EXERCISE INSTRUCTIONS: Everything from the line containing "istock Joyful cute" through the final line of the entries must be repeated exactly, and only that, without pictures.

PROVIDED RECORDS:
================================
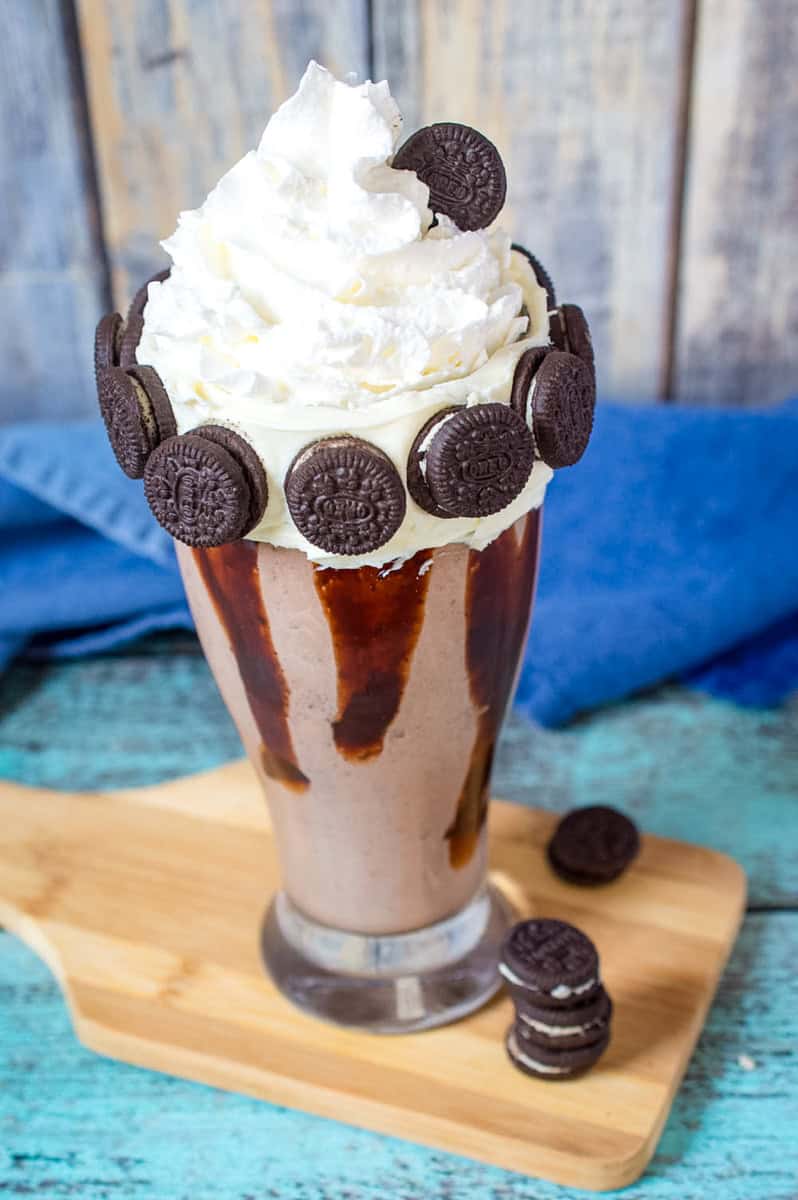 a chocolate oreo milkshake with chocolate syrup, whipped cream, and frosting with mini Oreos.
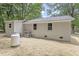 Exterior of house featuring a backyard with fresh straw, utilities, and a brick foundation at 2702 Red Valley Dr, Rougemont, NC 27572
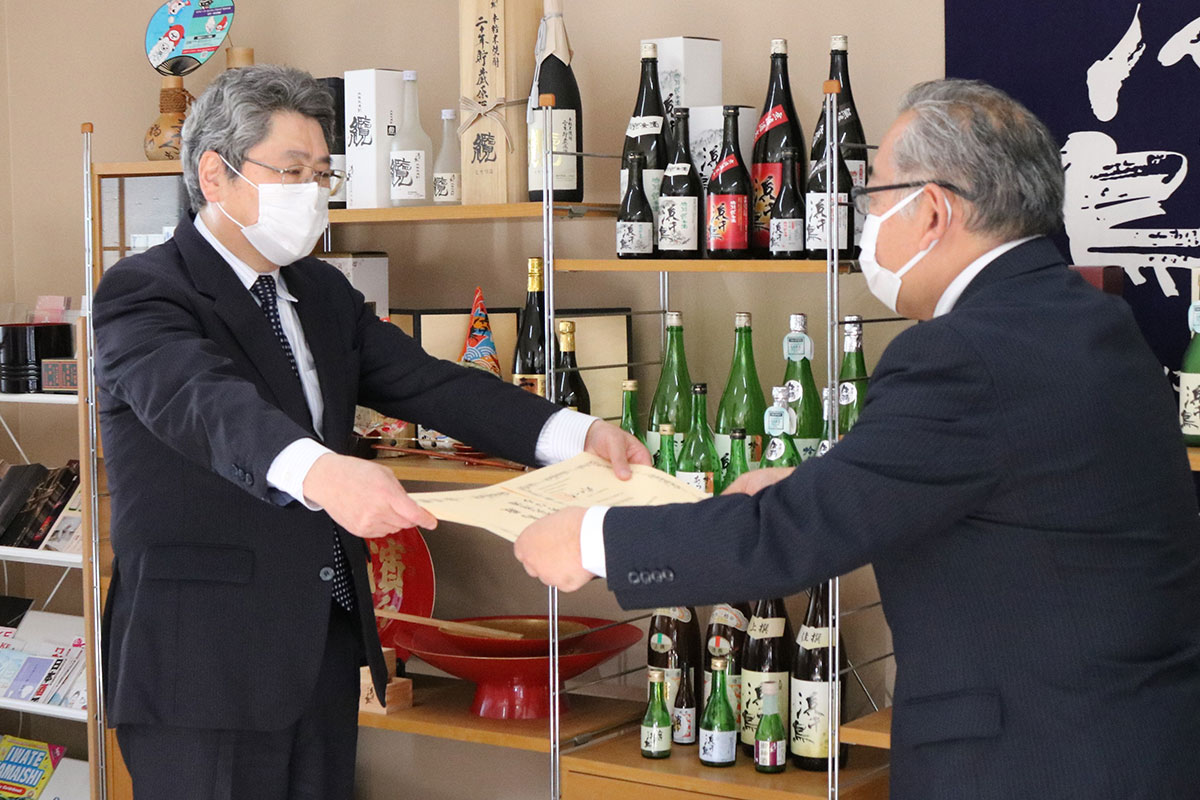 釜石税務署の霜崎良人署長から表彰状を受け取る浜千鳥の新里進社長（左）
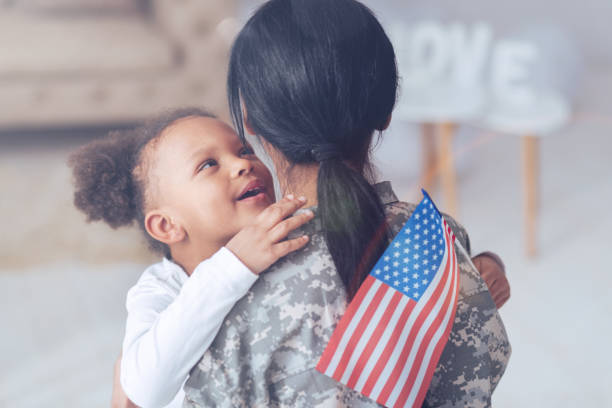 istock Joyful cute girl looking at her mother 907611310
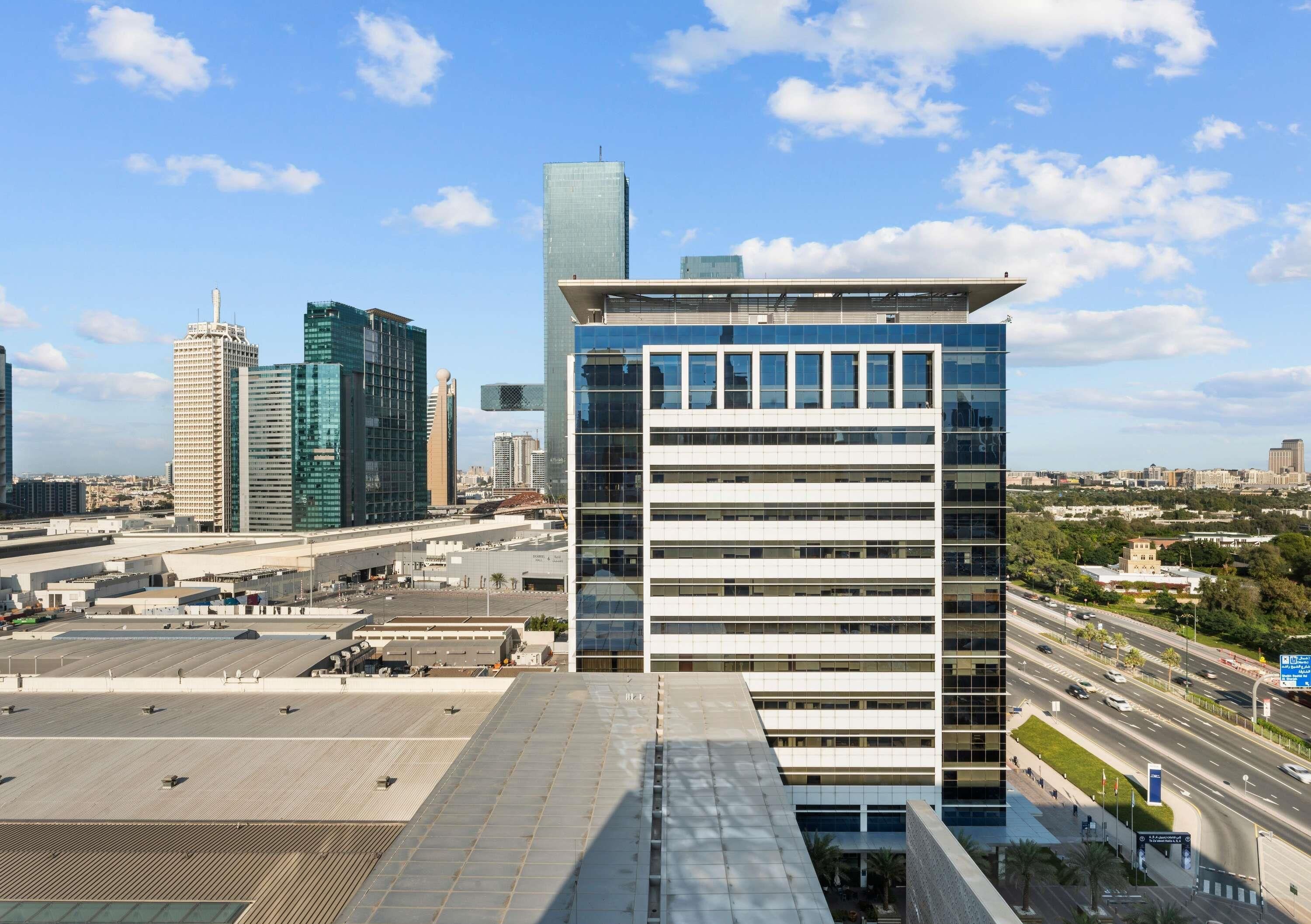 A modern building with a flat roof and multiple floors, surrounded by other high-rise buildings and a busy road.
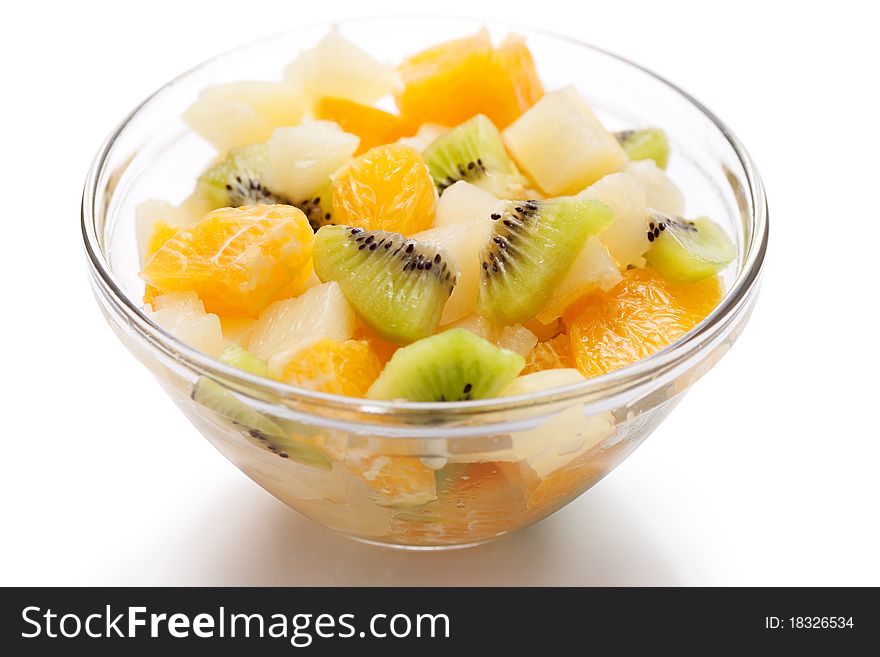 Fresh fruits salad on white background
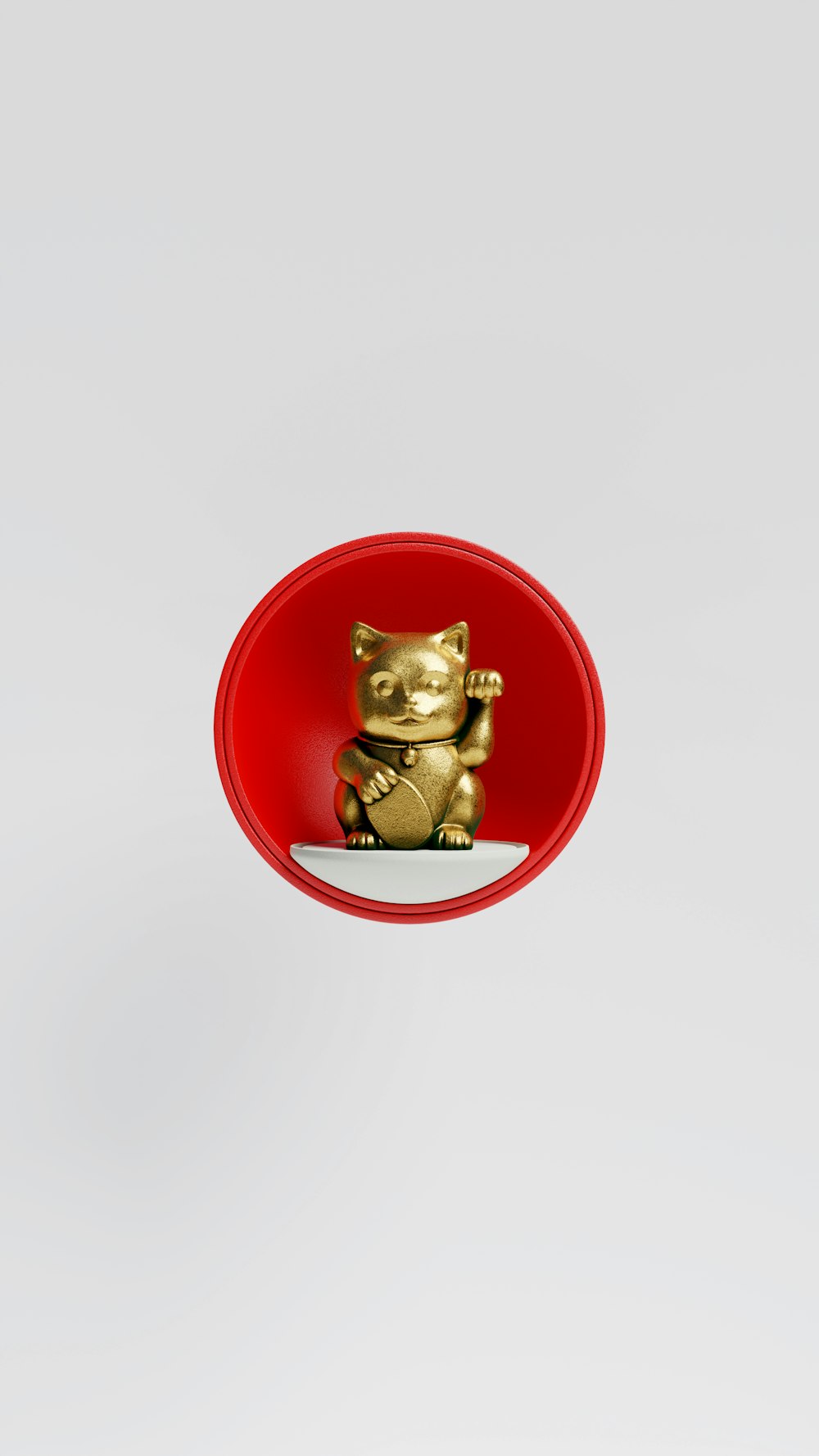 Una figura de gato dorado sentada en un cuenco rojo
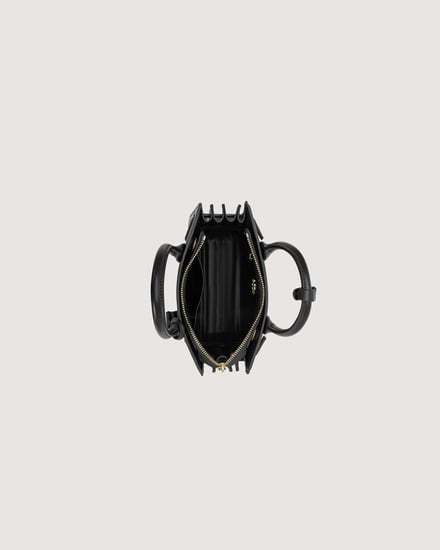 شنطة نسائية متوسطة الحجم بلون أسود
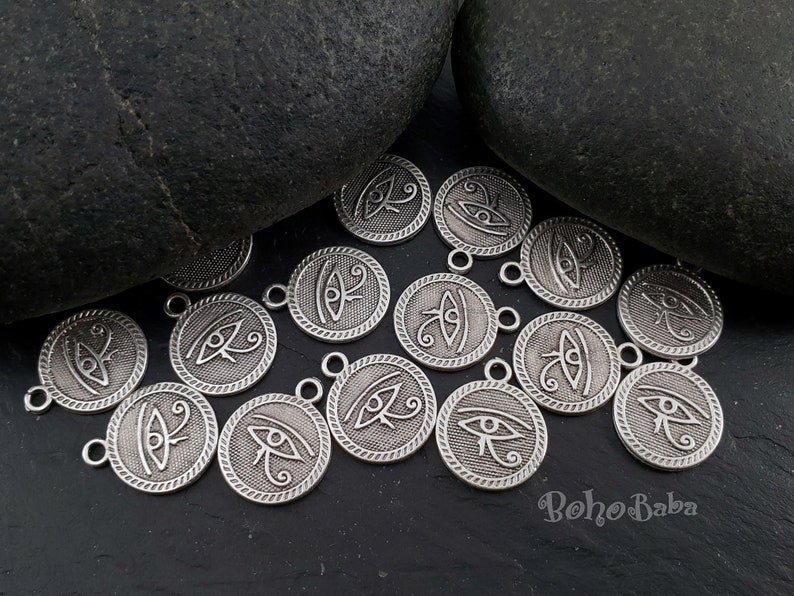 May include: Silver charm pendants with the Eye of Horus symbol. The charms are round and have a textured edge. They are perfect for jewelry making or crafting.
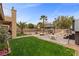 Beautiful backyard with a well-maintained lawn, patio, gazebo, and hot tub at 8208 Fritzen Ave, Las Vegas, NV 89131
================================
OUTPUT FOR THIS EXERCISE:
 istock Joyful cute girl looking at her mother 907611310
 A modern building with a flat roof and multiple floors, surrounded by other high-rise buildings and a busy road.
 Fresh fruits salad on white background
 Una figura de gato dorado sentada en un cuenco rojo
 شنطة نسائية متوسطة الحجم بلون أسود
 May include: Silver charm pendants with the Eye of Horus symbol. The charms are round and have a textured edge. They are perfect for jewelry making or crafting.
 Beautiful backyard with a well-maintained lawn, patio, gazebo, and hot tub at 8208 Fritzen Ave, Las Vegas, NV 89131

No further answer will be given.